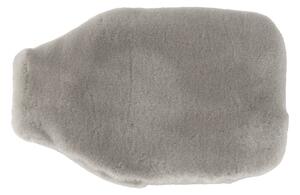 Сив термофор от микроплюш 2 l Warmers – Tiseco Home Studio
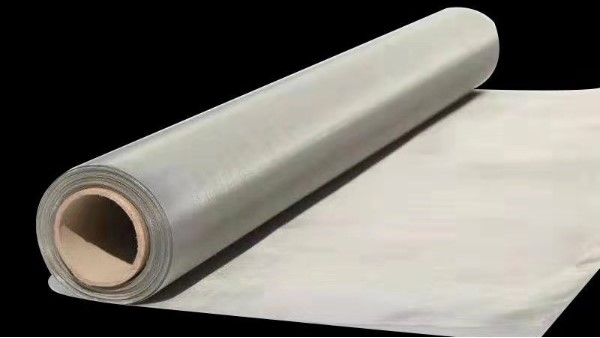 教您認識金鋼網(wǎng)紗窗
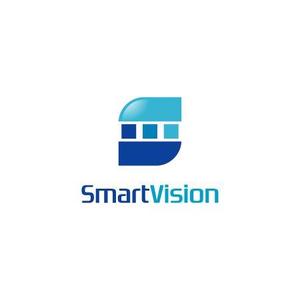 smartdesign (smartdesign)さんの新サービスのロゴ作成(商標登録予定なし)への提案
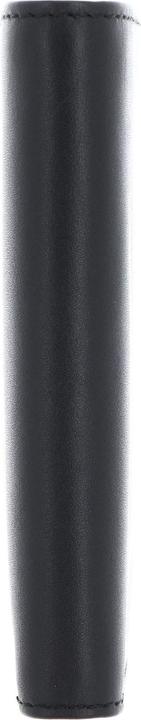 Actual product image Oxmox Leather Kombibörse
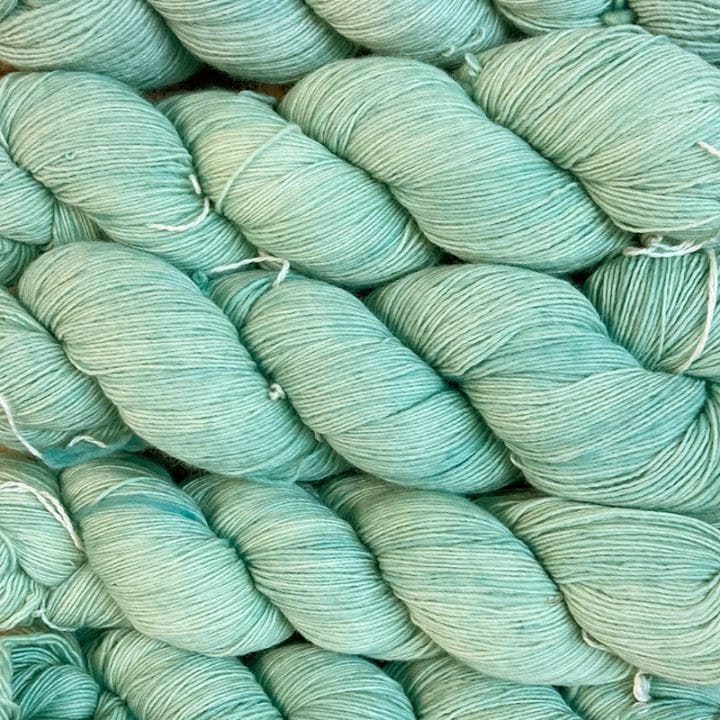 W923 マラブリゴ レース WATER GREEN 083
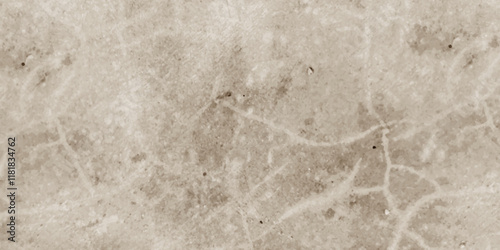 Abstract brown grunge marble floor tiles and cement concrete rusty crack wall background texture. brown marble stone texture. brown paper texture. old surface natural ceramic wall texture.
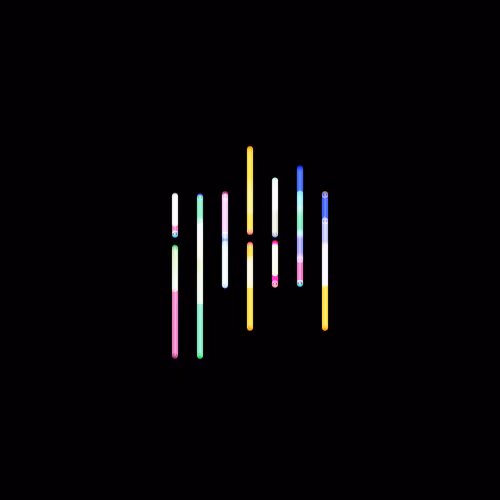 Trademark By Jack Butcher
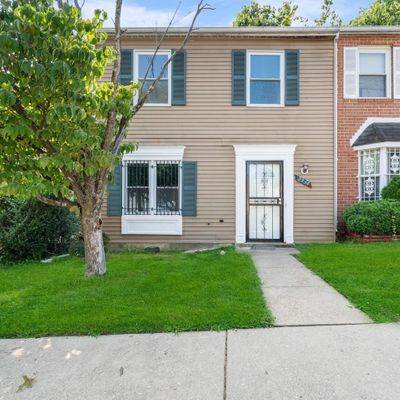 2334 Anvil Ln, Temple Hills, MD 20748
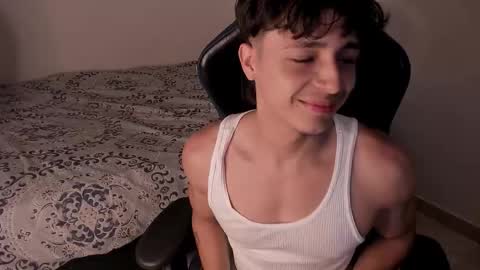 Snapshot of harry_p01 chatting on March 3, 2026, 9:53 pm harry_p01 online show from March 3, 2026, 9:53 pm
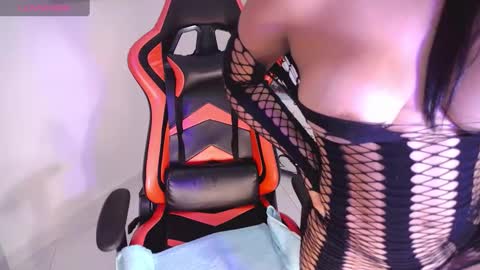 Snapshot of cathaleyasex chatting on 03-08-25, 02:19 CathaleyaSex online show from 03-08-25, 02:19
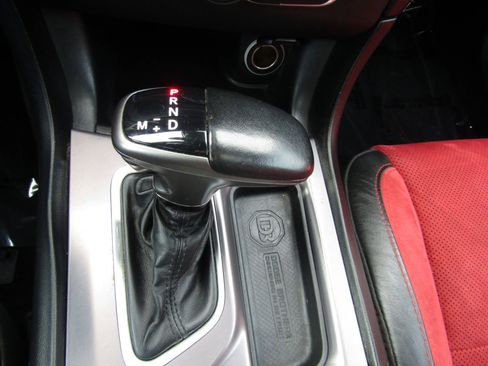 Used 2019 Dodge Charger Scat Pack w/ Technology Group image 29
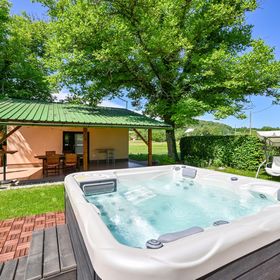 Vendégház Belavići - CCC014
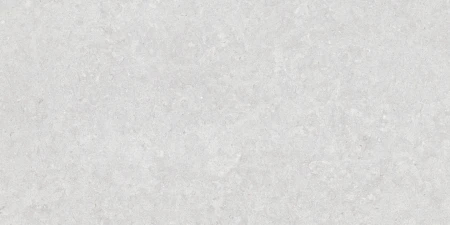 76f8d060fc2a19e5815822083ebf9bf9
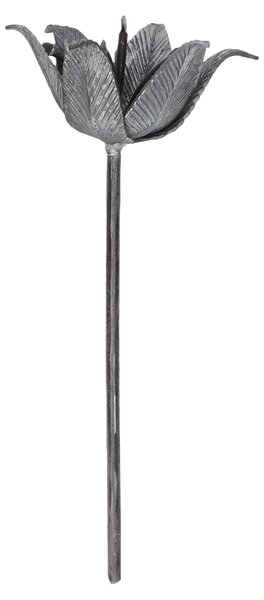 KOVIAN, s.r.o. Kvet ľalia 140 x 85 mm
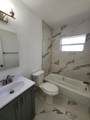 2466 Lincoln Street - Photo 8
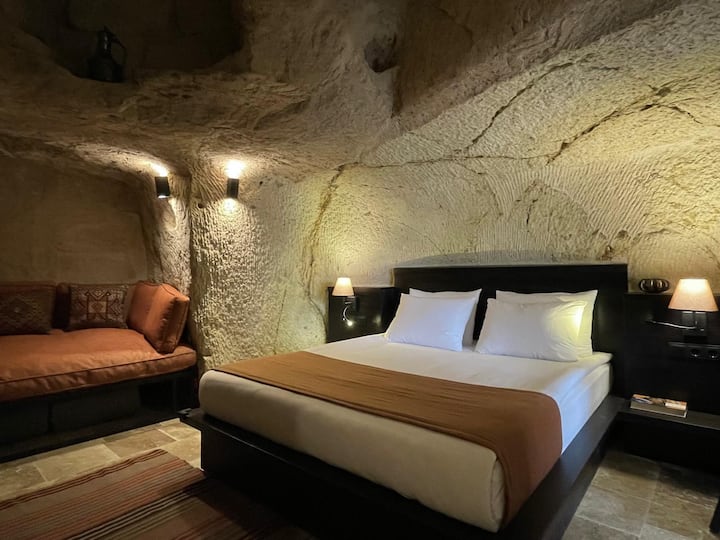 3-Room Casa Dream (1)
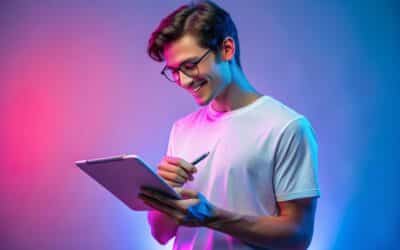 ¿Qué pasará después del ICETEX? El crédito educativo digital es el futuro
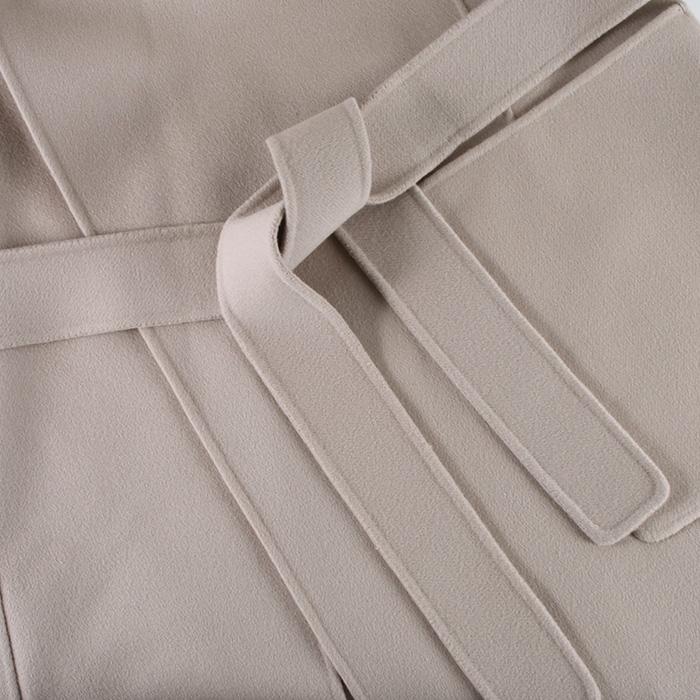 Max Mara S エス マックスマーラ アウター コート プリシッラ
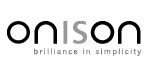 Onison PIM
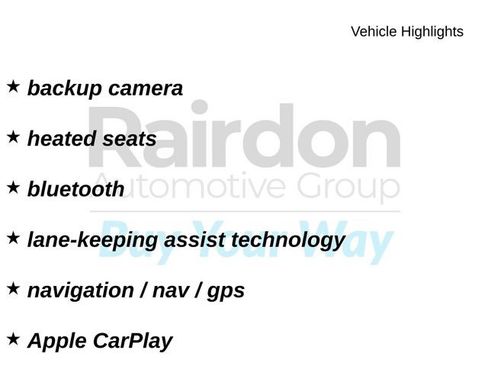 Used 2019 Honda CR-V Touring image 31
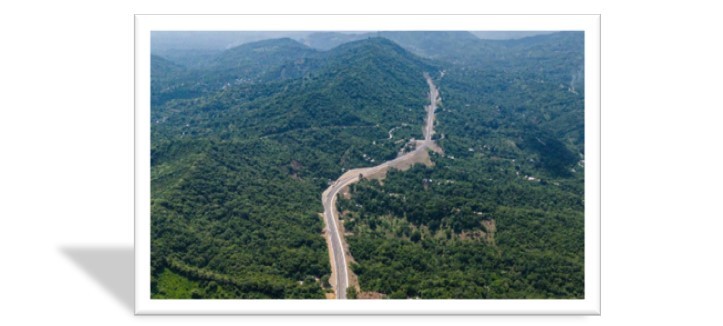 8 La carretera Ciudad Valles-Tampico aumentará .jpg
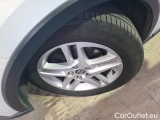  Toyota  C-HR 1.8 HYBRIDE 122 DYN BUS BEYOND ZERO A #18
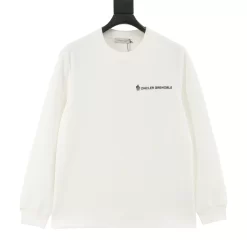 MONCLER Topwear M-XXXL 160202602032249_79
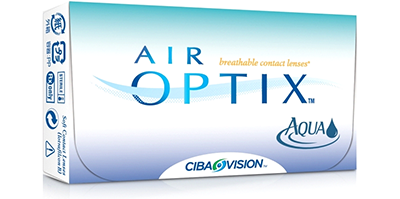 AIR-OPTIXAQVA.png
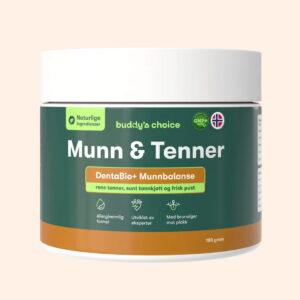 Munn & Tenner
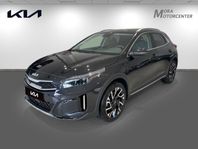 Kia Xceed Plug-in Hybrid DCT Action Redo för Leverans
---+---
▶ **Problem requirements**: Reproduce, exactly and only, the lines of the records above starting at the line with "KOVIAN, s.r.o. Kvet ľalia 140 x 85 mm" and ending at the line with "8 La carretera", both included. Leave every picture out.

▶ **Result of the task**:
 KOVIAN, s.r.o. Kvet ľalia 140 x 85 mm
 2466 Lincoln Street - Photo 8
 3-Room Casa Dream (1)
 ¿Qué pasará después del ICETEX? El crédito educativo digital es el futuro
 Max Mara S エス マックスマーラ アウター コート プリシッラ
 Onison PIM
 Used 2019 Honda CR-V Touring image 31
 8 La carretera Ciudad Valles-Tampico aumentará .jpg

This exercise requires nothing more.